今回の“熊野古道を歩く”シリーズは今日の「滝尻王子」が最終となります。
下の画像は清姫の墓から2㎞ほど進んだ富田川沿いの古道ですが、この辺りは、昨年の紀伊半島豪雨による山崩れの土砂が川に流れ込んでおり、今もなお復旧作業が続いていました。
・正面の仮の橋は国道311号線に架けられているもので、1年以上経過した現在もまだ工事中です。これも「コンクリートから人へ」が影響しているのでしょうか?
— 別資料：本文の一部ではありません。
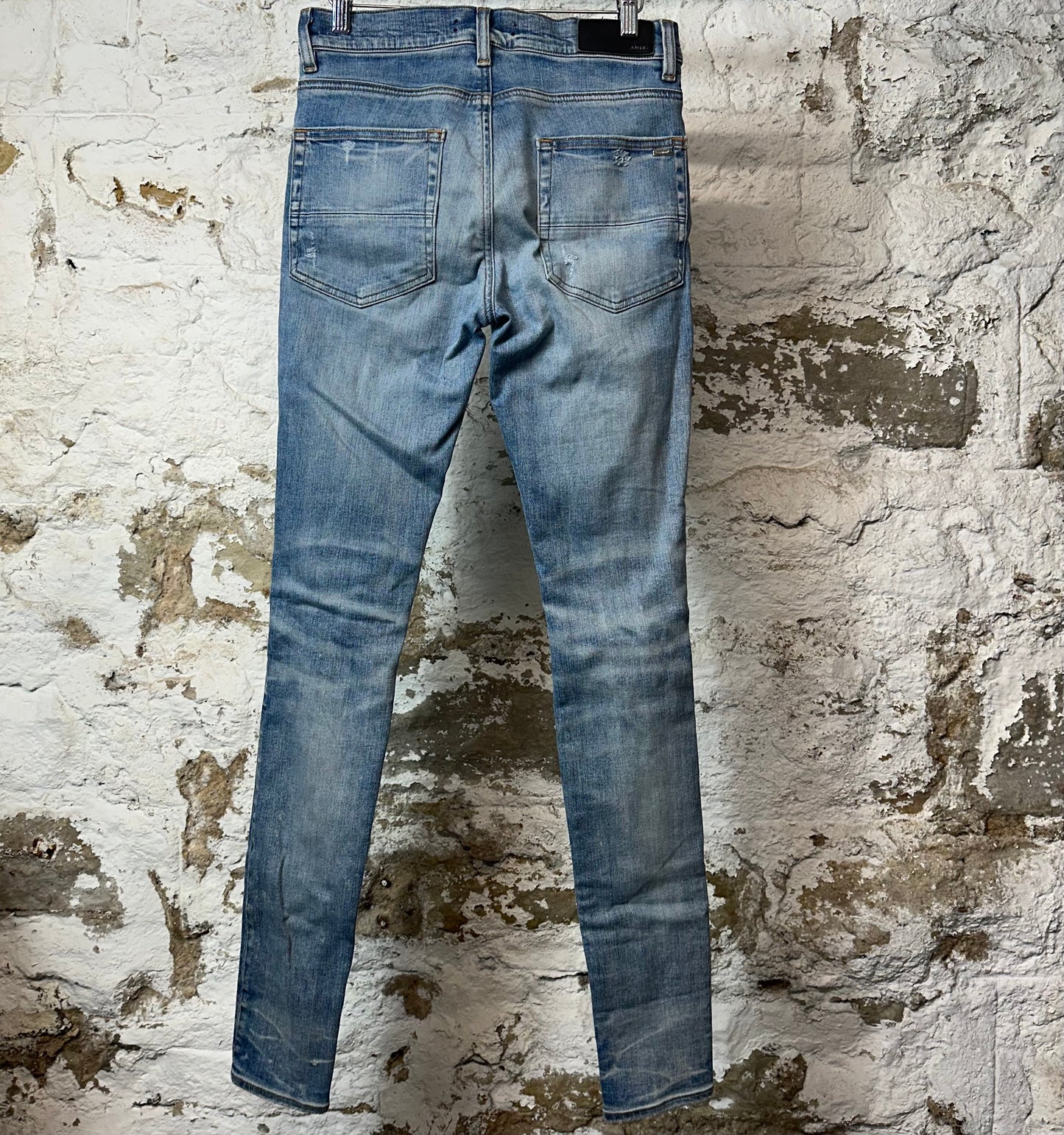 Amiri Distressed Side Spell Blue Denim Jeans Sz 29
・山崩れの現場です。流れ落ちた大量の土砂が富田川をせき止めた現場です。
山崩れの土砂でせき止められた富田川ですが、水路だけは確保されています。(右側の谷が山崩れの現場です)
「滝尻王子の鳥居」
この王子社から本宮まで厳しい山道となります。
天仁2年(1109年)に熊野参詣をした藤原宗忠は日記に「初めて御山の内に入る」と書いており、滝尻からが熊野の霊域とされたのだそうです。
「滝尻王子宮」
滝尻王子は、熊野九十九王子の中でも特に格式が高いとして崇敬されてきた「五体王子」のひとつで、熊野の霊域の入り口とされて、とても重要な場所だったようです。
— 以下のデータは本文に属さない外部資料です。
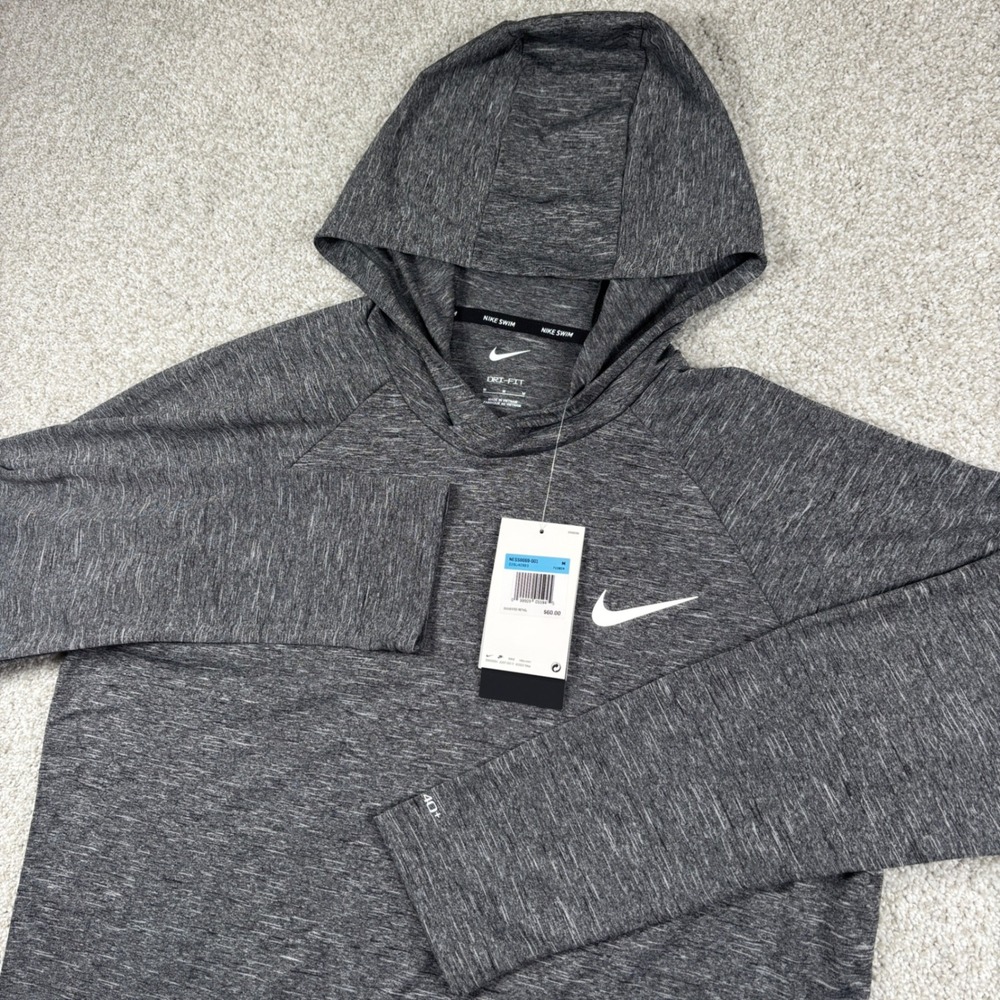 NEW Nike Swim Hoodie Men M Gray Dri-FIT UPF 40+ Long Sleeve NESSB669-001
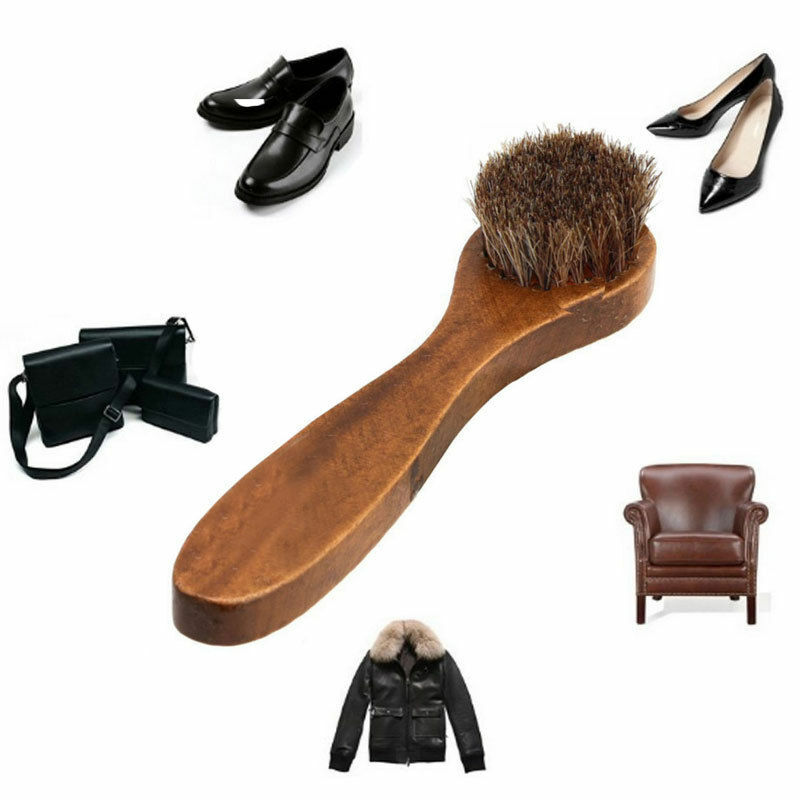 Cepillo de zapatos de crin de caballo práctico, mango de madera, cepillo de pulido de botas, limpieza de polvo, cepillo brillante, herramientas para el cuidado de los zapatos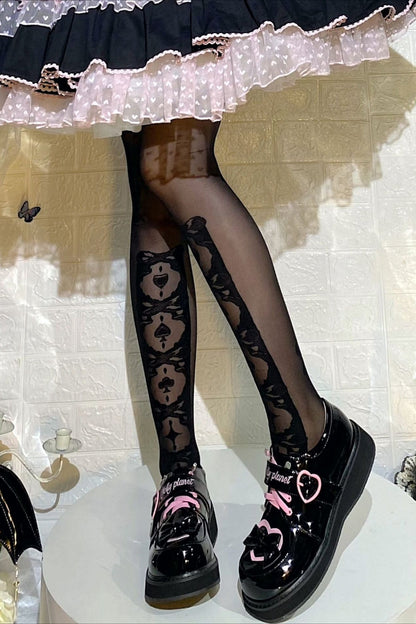 Gothic Lolita Black Thigh High Socks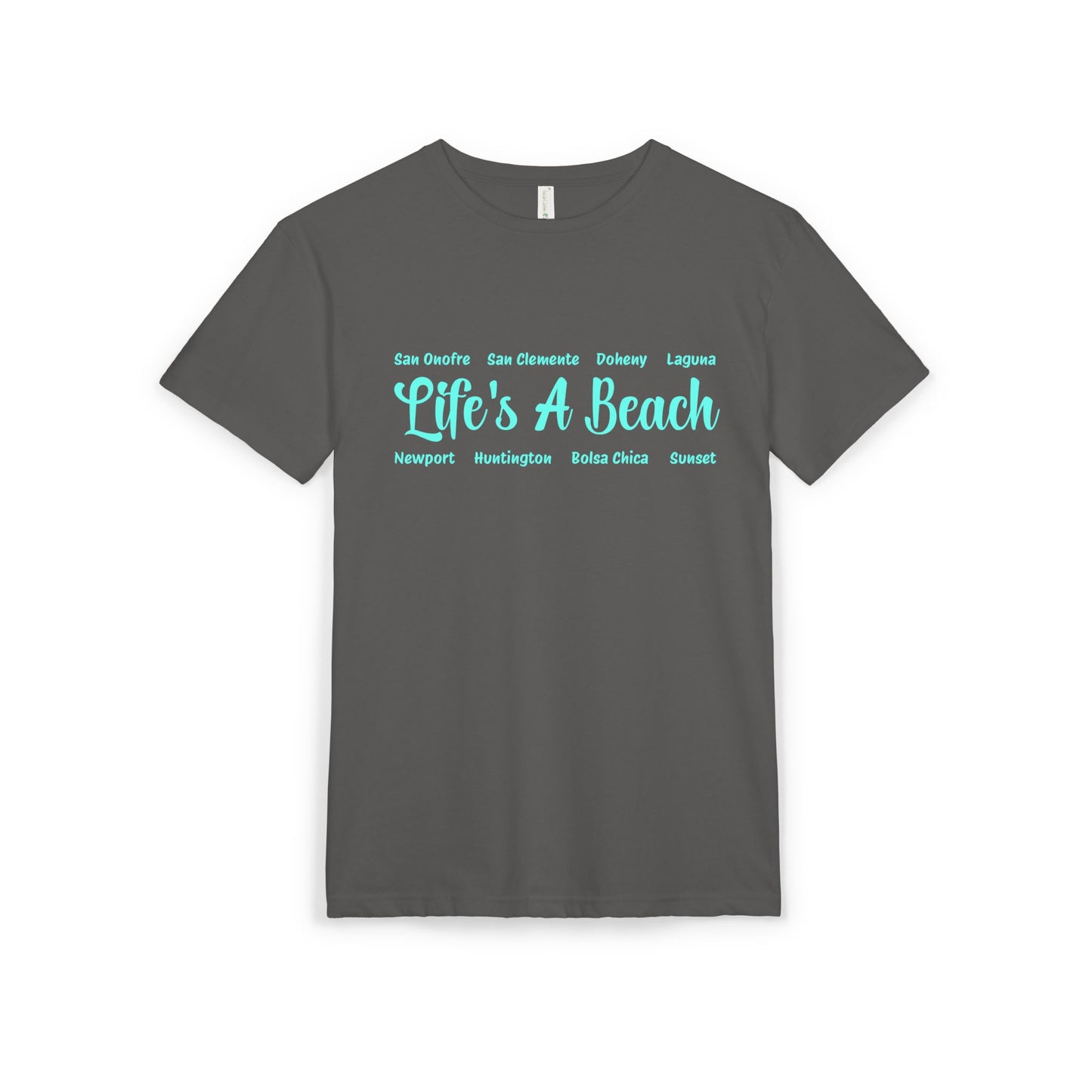 Life’s A Beach – Orange County Unisex Sueded T-Shirt | Beach Lover Tee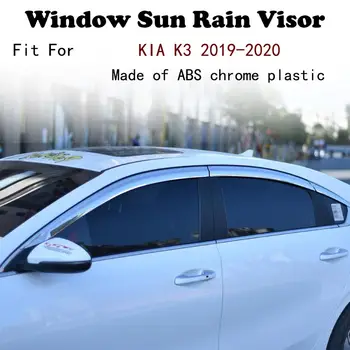 ABS Хромированный пластиковый Оконный козырек Вентиляционные шторы Защита От Солнца и дождя автомобильные аксессуары для KIA K3 2019-2020  3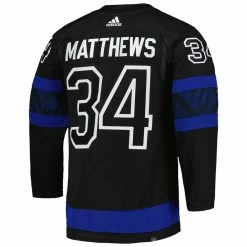 AUSTON MATTHEWS TORONTO MAPLE LEAFS X DREW HOUSE ADIDAS ADIZERO PRIMEGREEN AUTHENTIC BLACK REVERSIBLE THIRD JERSEY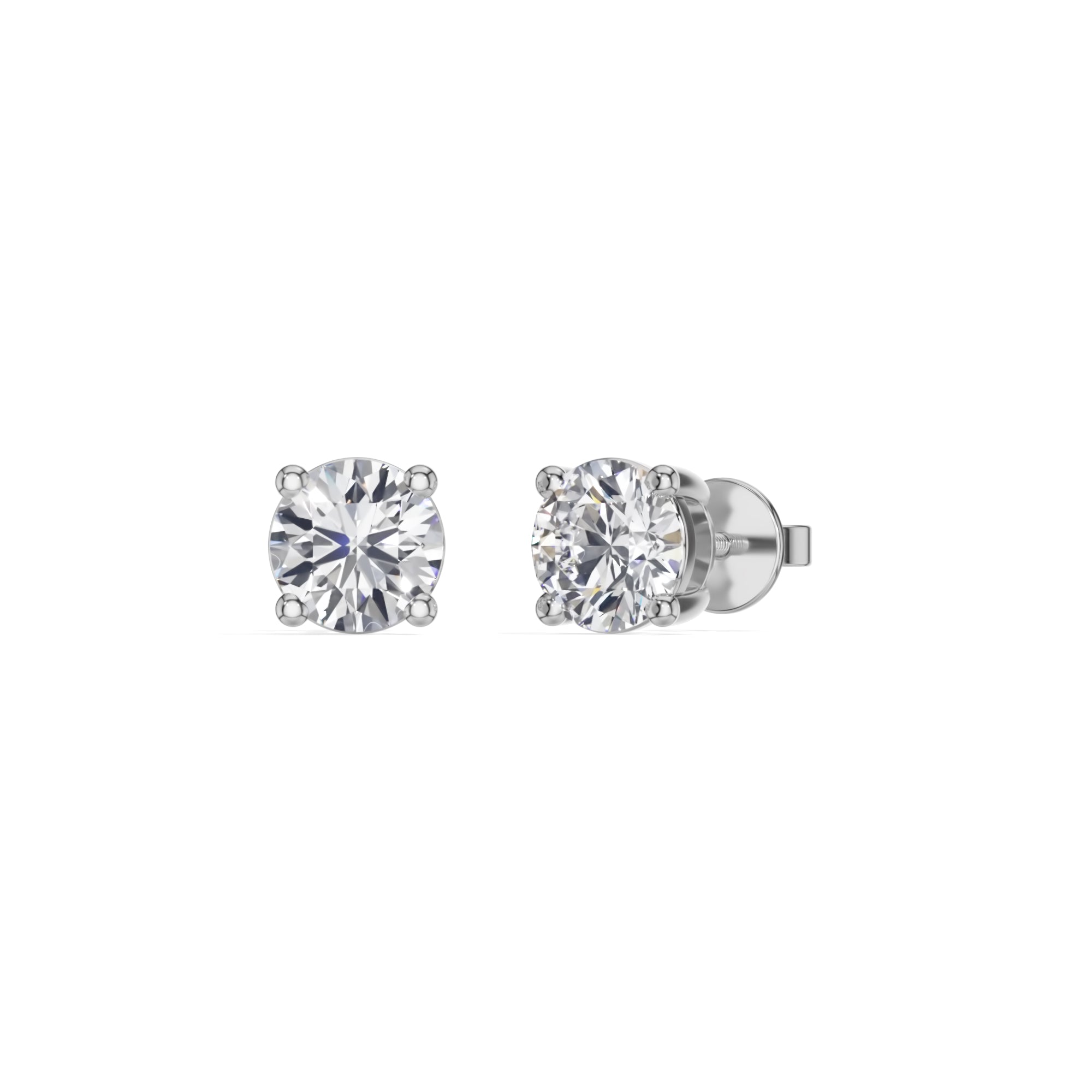 White Gold 1 50Ct Solitaire Stud Round Lab Grown Diamond Qyrelle Earring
後鳥羽上皇の一行もこの社前で御歌会を催されたと伝えられます。
滝尻王子(たきじりおうじ)は、富田川と石船川が合流する地点にあり、「滝尻」の名は、石船川の急流が富田川に注ぐ滝のような水音からきたと云われています。
「中右記」
熊野古道館に展示されている「中右記」です。(宮内庁図書寮蔵)
中右記とは、平安時代後期の貴族 藤原宗忠が五十余年つけていた日記のことです。
ここに展示されているものは天仁2年(1109年)晩秋に熊野参詣をした時の記録です。
初めの部分が欠けてはいますが、有田川を渡るところから熊野三山を巡拝して京都に帰るまでが記録されており、当時の熊野参詣の様子がよく分かると云われています。
私たちの歴史探訪同好会は概ね3ヶ月ごとに熊野古道を歩いています。
3年前に大阪天満橋の八軒屋船着場跡をスタートして、漸く下の地図の現在地と表示されている滝尻王子まで辿り着きました。